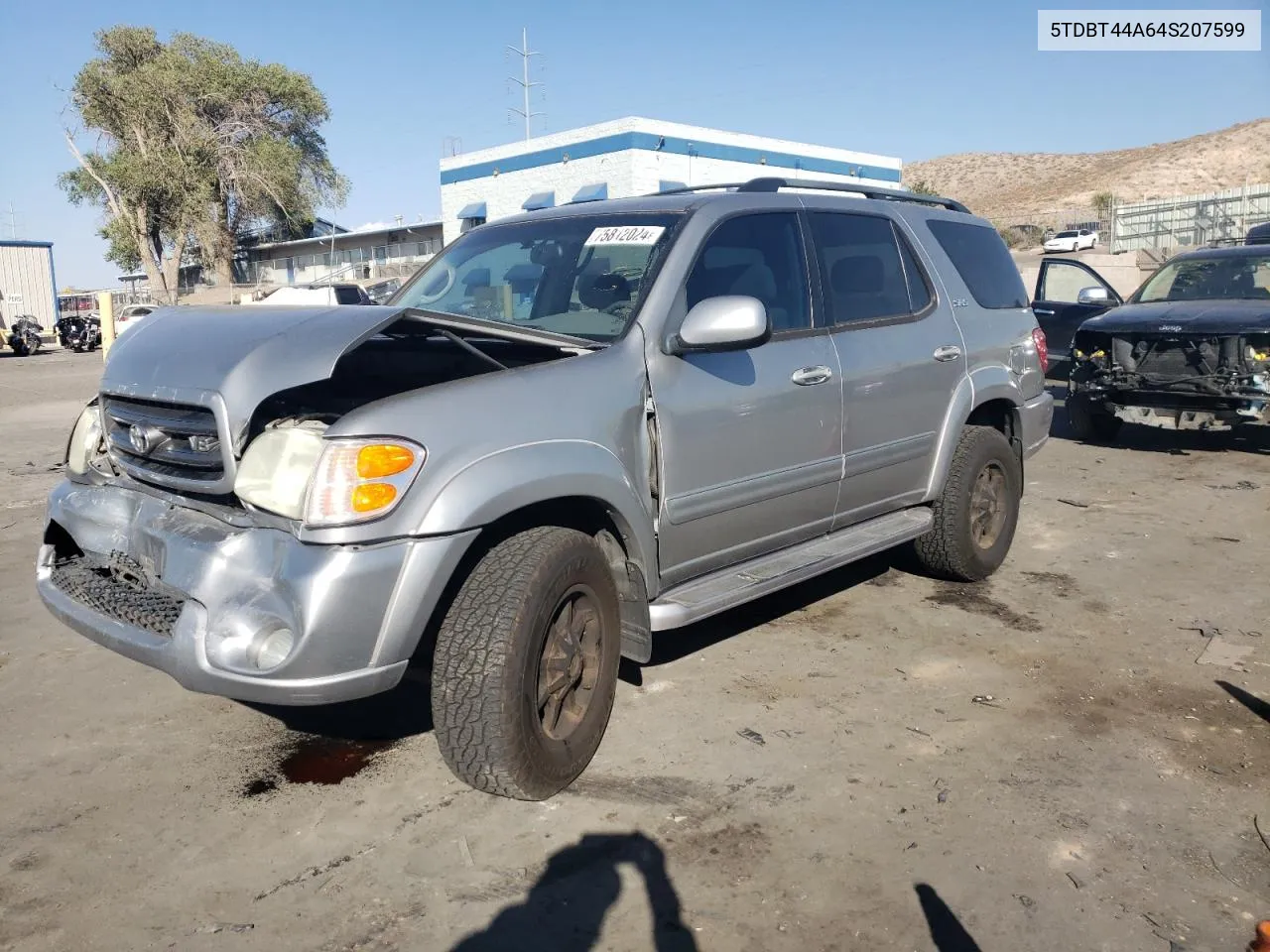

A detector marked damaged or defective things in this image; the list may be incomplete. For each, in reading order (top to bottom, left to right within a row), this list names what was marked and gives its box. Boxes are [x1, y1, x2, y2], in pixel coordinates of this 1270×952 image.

crumpled hood [99, 307, 407, 452]
wrecked black car [1040, 244, 1270, 440]
crumpled hood [1080, 303, 1270, 341]
damaged silver suv [37, 177, 1048, 797]
damaged front bumper [40, 480, 478, 702]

•••

Problem description: Each entry should come back exactly as written, with its pictures omitted.

Exercise result:
A detector marked damaged or defective things in this image; the list may be incomplete. For each, in reading order (top to bottom, left to right within a row), this list names what was marked and gives its box. Boxes are [x1, y1, x2, y2], in pixel coordinates of this 1270×952 image.

crumpled hood [99, 307, 407, 452]
wrecked black car [1040, 244, 1270, 440]
crumpled hood [1080, 303, 1270, 341]
damaged silver suv [37, 177, 1048, 797]
damaged front bumper [40, 480, 478, 702]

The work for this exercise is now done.